- Messages
- 11,338
- Type of diabetes
- I reversed my Type 2
- Treatment type
- Diet only
Well, this is my hope too.
For now, I am still addicted to coffee. Few years back, I used to consume 15 cups of coffee [milk+sugar+nescafe]; now it is down to 2 cups per day. I will try to bring it to 1 cup per day.
I am a vegan since I was born; predominantly rice eater 3 times a day. However over last 5 years, I gradually cut rice consumption. These days, I get rice only when I spend 500+ calories in one session - which is my personal rule; and that happens twice a week only. Apart from coffee, I do not repeat other food items. I rotate kidney beans, sprouts, vegetables, fruits. My protein comes from whey protein powder. Results are good, but apparently I need to cut some more to reach my set objectives. Over Xmas I ate three meals loaded with rice and potatoes - that weight is now gone almost. But bottom line is food is the issue with me.
Yes, I am happy to get advise. There is nothing offensive here. At the end, it is me who has to take control of matters. There are other factors, but I do not want to blame on those; the point is how fast I can change my diet and keep it going.
You did not comment on my food, pic from myfitnesspal - like is it too many calories? or number of calories are fine, but carbs are more etc.??
I didn't comment on your diet as I wanted to make the points I did, but as you ask, specifically, I will.
I have no idea how tall you are or how much weight you are trying to lose, so could have no idea on your actualy nutritional requirements, but in general, I would suggest the following:
If you are of Asian descent, then almost inevitably you are more at risk of diabetes than other groups, which you probably know already, and furthermore your ideal BMI requirements are slimmer than Europeans, for example. You have stated that you have insulin resistance, and on that basis alone, I would suggest it would be helpful to reduce the amount of carbohydrate you are eating. If you haven't already, I suggest you watch some of the Professor Taylor presentations on his Newcastle Diet - not to encourage you to adopt it, but because he explains insulin resistance extremely well in my view.
Many have also found the further they reduce carbohydrate consumption the less they have to be concerned about calories. That's quite hard to get the head around, but for many it is true.
Personally, I choose to consume a cab reduced diet, on a long term basis.

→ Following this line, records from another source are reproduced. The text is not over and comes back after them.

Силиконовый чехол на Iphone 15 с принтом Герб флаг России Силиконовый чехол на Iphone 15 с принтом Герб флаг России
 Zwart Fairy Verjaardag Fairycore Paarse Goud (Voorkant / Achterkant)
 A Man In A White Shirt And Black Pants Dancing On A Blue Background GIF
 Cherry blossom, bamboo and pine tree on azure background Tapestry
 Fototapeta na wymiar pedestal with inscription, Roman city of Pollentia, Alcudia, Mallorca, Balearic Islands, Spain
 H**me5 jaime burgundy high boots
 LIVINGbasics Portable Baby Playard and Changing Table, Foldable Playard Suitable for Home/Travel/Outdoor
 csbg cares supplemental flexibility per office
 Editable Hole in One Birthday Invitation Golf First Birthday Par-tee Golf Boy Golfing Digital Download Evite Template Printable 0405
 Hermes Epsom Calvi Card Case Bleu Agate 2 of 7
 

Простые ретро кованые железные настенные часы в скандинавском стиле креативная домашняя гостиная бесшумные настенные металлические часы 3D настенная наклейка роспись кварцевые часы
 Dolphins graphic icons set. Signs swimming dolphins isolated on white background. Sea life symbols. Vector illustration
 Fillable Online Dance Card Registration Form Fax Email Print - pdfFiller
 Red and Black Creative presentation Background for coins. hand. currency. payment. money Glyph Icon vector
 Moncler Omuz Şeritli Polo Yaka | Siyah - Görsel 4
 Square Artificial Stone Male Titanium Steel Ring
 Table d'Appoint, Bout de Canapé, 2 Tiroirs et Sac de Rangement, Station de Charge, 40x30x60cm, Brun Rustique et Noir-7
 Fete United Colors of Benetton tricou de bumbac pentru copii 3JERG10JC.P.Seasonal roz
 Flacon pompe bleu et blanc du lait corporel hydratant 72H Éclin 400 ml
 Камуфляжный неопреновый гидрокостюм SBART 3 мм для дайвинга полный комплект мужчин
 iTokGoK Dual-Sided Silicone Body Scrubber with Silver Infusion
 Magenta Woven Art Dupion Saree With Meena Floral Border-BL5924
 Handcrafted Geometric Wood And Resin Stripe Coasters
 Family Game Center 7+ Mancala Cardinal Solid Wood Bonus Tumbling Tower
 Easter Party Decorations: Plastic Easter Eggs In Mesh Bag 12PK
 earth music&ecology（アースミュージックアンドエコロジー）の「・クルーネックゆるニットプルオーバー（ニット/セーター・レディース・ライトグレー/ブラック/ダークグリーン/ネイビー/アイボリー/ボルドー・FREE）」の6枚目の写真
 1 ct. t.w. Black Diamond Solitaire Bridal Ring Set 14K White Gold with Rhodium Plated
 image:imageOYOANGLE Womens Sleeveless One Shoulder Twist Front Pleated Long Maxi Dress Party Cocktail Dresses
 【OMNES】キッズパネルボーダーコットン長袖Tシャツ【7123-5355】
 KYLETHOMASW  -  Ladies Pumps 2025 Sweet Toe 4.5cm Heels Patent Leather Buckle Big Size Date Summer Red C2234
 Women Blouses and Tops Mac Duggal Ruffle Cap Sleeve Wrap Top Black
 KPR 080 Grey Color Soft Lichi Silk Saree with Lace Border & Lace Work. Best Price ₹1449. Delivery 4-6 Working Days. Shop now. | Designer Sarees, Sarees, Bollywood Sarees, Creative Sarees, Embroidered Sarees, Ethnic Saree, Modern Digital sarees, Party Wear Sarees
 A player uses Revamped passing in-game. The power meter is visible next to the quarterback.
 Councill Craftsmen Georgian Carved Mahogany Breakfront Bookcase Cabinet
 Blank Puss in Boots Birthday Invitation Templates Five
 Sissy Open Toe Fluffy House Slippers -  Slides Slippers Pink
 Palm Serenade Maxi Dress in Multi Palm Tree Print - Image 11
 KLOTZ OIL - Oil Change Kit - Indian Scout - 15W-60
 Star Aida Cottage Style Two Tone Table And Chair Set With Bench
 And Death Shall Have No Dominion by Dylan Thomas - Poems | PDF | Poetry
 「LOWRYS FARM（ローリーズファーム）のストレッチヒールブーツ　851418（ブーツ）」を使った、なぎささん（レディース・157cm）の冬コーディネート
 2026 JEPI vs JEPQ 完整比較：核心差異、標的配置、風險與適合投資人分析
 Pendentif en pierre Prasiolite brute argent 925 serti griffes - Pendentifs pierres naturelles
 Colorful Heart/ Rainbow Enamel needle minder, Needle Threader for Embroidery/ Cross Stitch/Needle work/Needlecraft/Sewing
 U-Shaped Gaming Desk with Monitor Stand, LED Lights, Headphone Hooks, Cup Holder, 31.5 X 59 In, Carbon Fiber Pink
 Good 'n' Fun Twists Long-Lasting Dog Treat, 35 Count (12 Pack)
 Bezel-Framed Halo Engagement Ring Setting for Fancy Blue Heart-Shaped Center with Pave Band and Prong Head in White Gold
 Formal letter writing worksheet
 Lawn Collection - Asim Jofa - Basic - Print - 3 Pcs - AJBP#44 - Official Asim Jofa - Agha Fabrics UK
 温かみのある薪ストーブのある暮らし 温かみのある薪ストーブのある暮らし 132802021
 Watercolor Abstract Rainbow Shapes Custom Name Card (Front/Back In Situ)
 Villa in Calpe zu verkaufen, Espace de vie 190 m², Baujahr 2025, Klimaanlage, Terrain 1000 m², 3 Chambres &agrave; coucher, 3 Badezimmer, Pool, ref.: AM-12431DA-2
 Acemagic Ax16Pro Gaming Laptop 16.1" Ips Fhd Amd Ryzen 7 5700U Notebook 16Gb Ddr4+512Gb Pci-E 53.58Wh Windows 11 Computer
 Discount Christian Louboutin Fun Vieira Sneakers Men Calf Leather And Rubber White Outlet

I say carb reduced rather than low carb because low carb suggests doing without something or being denied it, whereas, for me, reduced carb suggests more of a choice thing. In any case, I'm usually averaging around 60gr, but I often get through over 2000, and only just manage to keep weight on these days. It didn't always work that way for me!! But, if I were to eat 2000 calories, of which a markedly higher proportion were carbohydrate calories, I believe I would gain a fair amount of weight. I am 48kg and 160cm tall.
You have to decide for yourself how to proceed on this. For every poster contributing here, there are likely to be almost as many approaches.